America actor, singer, and circus performer (1919–1984)

Francis "Frank" "Cookie" Cucksey (January 5, 1919 – September 16, 1984) was an American actor, singer, and circus performer, best known for his role as a Munchkin in the 1939 film The Wizard of Oz.

== Early life and family ==

Francis Henry Cucksey was born in Brooklyn, New York City on January 5, 1919, the son of Charles Cucksey and Helen Cramer. Cucksey was born with dwarfism and was 4 feet and 5 inches (135 cm) tall.

He married Anna "Ann" Mitchell Sholter (a fellow stage performer with dwarfism) on December 19, 1950, in Prince Albert, Saskatchewan, Canada. Their marriage was covered in Billboard magazine.

== Career ==
In the 1930s and 1940s, Cucksey worked as a performer at various night clubs as well as in uncredited roles in film and television. Cucksey was cast in the 1939 MGM film The Wizard of Oz by Leo Singer, the proprietor of Singer's Midgets. During the film, Cucksey portrayed a Munchkin townsperson/villager that gave Dorothy Gale (played by Judy Garland) some flowers. Notably, he was one of the two Munchkin actors whose actual voices were used for Munchkin dialogue during the film (the rest were created by studio voices recorded at a slow speed).

He is credited as one of the two singers of the song "We Thank You Very Sweetly" in the Munchkinland Musical Sequence of the film's soundtrack, as he recited the famous line "You've killed her so completely, that we thank you very sweetly" as an introduction to Ding-Dong! The Witch Is Dead.
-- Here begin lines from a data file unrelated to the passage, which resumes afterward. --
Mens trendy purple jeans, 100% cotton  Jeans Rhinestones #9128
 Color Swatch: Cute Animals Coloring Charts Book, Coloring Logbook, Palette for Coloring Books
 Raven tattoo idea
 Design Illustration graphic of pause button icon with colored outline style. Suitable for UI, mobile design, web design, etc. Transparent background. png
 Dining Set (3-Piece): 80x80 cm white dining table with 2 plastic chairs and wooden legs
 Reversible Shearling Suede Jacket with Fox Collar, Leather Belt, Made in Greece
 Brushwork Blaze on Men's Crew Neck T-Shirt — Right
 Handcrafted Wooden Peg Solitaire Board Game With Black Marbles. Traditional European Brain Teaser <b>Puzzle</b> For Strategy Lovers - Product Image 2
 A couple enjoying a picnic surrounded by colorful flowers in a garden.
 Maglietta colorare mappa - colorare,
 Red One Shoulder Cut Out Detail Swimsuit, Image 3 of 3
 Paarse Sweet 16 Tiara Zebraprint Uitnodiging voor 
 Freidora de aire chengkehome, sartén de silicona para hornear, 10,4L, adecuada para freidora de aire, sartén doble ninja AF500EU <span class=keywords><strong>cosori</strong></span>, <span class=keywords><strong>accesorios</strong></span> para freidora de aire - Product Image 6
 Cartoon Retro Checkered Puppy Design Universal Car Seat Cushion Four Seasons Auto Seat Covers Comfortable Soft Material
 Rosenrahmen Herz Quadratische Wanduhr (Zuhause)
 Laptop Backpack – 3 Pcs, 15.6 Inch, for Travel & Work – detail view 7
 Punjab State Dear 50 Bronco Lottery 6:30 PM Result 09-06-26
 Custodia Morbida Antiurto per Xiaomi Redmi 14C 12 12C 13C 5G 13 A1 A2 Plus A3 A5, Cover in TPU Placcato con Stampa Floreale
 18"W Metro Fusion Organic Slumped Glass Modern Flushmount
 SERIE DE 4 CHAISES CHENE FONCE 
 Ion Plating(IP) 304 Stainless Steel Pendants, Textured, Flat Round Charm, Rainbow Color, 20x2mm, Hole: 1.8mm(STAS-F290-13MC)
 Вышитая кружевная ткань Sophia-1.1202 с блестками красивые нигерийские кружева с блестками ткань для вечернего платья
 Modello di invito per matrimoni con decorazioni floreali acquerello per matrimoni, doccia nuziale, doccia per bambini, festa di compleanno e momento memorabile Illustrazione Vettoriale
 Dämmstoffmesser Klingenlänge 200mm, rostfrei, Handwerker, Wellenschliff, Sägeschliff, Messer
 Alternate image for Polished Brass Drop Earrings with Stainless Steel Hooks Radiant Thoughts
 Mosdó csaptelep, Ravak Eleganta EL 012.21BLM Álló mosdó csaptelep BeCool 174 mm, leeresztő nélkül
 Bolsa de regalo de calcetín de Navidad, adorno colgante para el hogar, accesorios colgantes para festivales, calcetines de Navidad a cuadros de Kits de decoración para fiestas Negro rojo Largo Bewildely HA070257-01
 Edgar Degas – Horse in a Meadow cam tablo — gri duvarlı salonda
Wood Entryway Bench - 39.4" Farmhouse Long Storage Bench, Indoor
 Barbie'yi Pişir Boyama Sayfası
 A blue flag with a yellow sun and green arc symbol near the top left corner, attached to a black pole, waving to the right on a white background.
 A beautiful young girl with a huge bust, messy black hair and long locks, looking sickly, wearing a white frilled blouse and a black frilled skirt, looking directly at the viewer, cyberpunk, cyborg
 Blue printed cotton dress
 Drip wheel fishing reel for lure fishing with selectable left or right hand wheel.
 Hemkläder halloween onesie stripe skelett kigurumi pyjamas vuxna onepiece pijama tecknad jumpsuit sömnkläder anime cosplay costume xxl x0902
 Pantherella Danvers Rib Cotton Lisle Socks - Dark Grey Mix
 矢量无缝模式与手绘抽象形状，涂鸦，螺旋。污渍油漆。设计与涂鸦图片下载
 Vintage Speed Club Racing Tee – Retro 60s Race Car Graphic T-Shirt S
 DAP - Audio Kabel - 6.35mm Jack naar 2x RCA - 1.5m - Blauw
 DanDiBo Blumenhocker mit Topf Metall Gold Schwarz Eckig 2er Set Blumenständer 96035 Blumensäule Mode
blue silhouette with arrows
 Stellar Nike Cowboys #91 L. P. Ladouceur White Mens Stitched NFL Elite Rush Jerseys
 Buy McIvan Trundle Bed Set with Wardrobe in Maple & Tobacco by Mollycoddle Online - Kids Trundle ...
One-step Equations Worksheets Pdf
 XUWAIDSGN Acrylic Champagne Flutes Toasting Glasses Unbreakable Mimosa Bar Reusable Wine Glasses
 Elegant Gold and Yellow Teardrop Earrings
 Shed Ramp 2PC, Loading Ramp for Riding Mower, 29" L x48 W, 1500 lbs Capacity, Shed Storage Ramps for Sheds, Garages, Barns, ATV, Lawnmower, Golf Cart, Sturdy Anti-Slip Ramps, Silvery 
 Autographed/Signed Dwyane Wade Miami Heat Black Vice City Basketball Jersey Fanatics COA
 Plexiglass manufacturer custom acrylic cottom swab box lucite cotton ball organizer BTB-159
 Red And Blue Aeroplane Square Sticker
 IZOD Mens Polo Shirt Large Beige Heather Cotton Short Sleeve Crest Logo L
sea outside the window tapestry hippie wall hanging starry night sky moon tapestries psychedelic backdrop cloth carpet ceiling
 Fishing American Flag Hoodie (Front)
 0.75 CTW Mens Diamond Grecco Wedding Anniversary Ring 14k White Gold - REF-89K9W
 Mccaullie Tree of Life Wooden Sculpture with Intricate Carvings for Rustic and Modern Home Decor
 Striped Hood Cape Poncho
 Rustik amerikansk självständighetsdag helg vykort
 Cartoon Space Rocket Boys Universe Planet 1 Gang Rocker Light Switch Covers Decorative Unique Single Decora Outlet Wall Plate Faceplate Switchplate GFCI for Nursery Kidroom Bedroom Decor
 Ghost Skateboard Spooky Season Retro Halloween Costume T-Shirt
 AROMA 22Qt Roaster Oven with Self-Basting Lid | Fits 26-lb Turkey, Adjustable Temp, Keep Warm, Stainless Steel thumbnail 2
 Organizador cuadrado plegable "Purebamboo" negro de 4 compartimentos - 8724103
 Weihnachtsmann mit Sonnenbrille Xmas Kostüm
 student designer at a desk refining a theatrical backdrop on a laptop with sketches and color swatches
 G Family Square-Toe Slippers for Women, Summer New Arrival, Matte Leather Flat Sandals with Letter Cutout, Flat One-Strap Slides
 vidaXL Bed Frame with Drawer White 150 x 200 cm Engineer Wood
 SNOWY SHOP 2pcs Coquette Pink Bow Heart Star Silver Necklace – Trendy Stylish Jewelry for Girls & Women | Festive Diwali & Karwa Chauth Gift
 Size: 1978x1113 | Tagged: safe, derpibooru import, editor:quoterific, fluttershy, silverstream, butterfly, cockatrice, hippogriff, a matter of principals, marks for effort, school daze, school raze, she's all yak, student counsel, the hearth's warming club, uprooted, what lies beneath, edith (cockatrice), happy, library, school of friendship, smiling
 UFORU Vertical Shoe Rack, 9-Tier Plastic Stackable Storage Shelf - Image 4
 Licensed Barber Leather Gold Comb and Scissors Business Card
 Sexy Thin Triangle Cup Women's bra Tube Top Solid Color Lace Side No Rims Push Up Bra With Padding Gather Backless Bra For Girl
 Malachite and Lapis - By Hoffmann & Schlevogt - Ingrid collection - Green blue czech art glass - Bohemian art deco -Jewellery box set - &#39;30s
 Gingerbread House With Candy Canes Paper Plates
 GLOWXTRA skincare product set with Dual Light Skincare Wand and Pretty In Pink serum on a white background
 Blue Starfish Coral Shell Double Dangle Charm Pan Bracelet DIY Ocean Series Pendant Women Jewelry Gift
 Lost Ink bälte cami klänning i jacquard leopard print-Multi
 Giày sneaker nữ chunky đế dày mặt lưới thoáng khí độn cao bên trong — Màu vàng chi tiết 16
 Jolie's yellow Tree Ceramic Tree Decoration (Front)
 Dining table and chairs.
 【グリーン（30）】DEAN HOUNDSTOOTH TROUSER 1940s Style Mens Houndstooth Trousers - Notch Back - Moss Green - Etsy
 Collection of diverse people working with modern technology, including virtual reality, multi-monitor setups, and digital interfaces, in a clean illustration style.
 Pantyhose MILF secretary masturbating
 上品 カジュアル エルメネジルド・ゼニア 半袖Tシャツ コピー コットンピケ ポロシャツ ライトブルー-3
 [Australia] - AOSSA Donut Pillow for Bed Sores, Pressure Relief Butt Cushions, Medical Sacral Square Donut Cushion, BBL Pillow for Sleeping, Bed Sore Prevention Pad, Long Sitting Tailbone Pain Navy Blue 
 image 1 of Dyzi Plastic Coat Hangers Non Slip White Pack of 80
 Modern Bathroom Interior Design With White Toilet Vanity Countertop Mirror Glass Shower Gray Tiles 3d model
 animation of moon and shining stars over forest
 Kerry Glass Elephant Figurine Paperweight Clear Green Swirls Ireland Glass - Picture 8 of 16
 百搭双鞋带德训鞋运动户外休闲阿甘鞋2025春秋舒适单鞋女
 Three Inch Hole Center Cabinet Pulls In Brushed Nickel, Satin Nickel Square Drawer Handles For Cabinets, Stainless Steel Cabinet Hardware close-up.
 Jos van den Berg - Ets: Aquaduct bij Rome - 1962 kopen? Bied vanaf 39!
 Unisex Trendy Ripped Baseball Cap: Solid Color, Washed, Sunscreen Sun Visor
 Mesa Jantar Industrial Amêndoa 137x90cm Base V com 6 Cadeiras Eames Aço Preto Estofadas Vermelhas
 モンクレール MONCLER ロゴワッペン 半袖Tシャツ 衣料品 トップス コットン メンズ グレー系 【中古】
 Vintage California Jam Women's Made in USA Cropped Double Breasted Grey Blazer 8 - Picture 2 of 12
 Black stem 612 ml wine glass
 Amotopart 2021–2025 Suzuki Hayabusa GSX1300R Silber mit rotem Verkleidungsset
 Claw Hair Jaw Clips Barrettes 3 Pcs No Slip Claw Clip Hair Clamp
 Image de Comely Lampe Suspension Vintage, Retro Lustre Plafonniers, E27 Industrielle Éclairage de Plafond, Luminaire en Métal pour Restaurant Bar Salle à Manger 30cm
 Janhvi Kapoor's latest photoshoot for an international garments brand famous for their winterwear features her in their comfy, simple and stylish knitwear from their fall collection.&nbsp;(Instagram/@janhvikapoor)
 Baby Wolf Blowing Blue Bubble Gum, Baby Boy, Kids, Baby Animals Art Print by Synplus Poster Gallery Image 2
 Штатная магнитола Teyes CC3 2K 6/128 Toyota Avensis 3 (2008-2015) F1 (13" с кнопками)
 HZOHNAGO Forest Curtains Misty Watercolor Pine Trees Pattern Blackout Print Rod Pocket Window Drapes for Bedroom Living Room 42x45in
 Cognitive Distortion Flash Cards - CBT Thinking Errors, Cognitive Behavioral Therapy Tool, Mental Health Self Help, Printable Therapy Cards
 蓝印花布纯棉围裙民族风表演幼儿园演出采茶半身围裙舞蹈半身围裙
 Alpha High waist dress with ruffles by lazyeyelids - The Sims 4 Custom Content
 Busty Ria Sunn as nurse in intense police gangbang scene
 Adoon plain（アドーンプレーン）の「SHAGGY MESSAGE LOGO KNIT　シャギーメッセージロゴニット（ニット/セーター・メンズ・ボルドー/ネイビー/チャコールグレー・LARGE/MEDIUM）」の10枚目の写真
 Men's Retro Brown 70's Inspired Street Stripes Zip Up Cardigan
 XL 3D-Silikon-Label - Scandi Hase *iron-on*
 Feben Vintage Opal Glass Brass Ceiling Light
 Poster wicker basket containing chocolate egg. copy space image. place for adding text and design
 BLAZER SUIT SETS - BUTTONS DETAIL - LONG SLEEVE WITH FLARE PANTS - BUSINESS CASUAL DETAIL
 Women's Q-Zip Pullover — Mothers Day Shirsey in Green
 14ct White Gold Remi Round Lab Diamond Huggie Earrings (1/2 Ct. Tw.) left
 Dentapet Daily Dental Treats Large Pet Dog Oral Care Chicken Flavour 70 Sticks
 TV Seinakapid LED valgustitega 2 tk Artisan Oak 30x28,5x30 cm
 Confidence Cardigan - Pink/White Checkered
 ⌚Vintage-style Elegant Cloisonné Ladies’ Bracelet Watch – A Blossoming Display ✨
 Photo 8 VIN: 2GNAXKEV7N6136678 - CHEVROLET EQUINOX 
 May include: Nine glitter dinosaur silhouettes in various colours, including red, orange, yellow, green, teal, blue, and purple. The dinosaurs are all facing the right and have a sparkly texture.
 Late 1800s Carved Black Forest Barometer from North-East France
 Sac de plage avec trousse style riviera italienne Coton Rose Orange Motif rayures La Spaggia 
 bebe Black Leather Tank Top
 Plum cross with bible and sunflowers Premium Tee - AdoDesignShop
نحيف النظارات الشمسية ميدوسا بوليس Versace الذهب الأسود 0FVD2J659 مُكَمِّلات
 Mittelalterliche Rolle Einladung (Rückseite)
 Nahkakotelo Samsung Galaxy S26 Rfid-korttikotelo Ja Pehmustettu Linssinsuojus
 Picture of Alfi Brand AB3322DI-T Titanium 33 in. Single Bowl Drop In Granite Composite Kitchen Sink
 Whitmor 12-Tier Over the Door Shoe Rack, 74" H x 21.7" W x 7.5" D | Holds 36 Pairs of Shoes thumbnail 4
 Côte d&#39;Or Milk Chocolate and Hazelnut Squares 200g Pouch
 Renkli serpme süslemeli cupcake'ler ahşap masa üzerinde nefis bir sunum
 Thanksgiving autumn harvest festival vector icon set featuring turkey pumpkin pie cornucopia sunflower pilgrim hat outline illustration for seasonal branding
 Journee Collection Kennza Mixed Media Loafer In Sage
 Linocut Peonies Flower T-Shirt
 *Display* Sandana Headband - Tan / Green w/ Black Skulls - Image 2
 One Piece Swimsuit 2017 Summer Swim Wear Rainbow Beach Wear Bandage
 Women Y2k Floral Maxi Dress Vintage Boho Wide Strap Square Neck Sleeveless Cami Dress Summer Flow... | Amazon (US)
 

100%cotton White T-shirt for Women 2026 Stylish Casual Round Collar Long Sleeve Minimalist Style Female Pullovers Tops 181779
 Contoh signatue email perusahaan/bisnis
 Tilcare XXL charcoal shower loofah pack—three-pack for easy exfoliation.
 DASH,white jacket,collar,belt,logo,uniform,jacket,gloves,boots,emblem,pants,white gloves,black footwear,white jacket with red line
In 1941, Cucksey was a member of the original Broadway cast of the musical revue, "Crazy with the Heat." In 1949, Cucksey was a singer in the cast of the national touring show, the "Hollywood Midget Movie Stars Revue" which sold-out to audiences across the country and held performances for several years.

Beginning in the late 1940s, Cucksey worked as a performer, tour guide, and host/ringmaster for the Ringling Bros. and Barnum & Bailey Circus and Circus Hall of Fame, with the billing name of "Cookie Cucksey." Alongside his wife Anna, Cucksey was also a touring performer with the Strates Shows in the 1950s, including performances at Madison Square Garden.

For over 25 years, Cucksey also worked as a fire department dispatcher and volunteer fire department captain for the South Trail Fire District in Sarasota, Florida. Because he worked without pay, he was offered to live at the department for free. He retired from his role in 1978 with the honorary title of deputy chief.

In his later life, he appeared at Wizard of Oz events and provided interviews along with several of the other surviving actors who portrayed Munchkins in the film.

== Death and legacy ==
He died on September 16, 1984, in Sarasota, Florida at the age of 65. He is buried at Palms Memorial Park in Sarasota.

On November 20, 2007, the Munchkin actors were collectively given a star on the Hollywood Walk of Fame.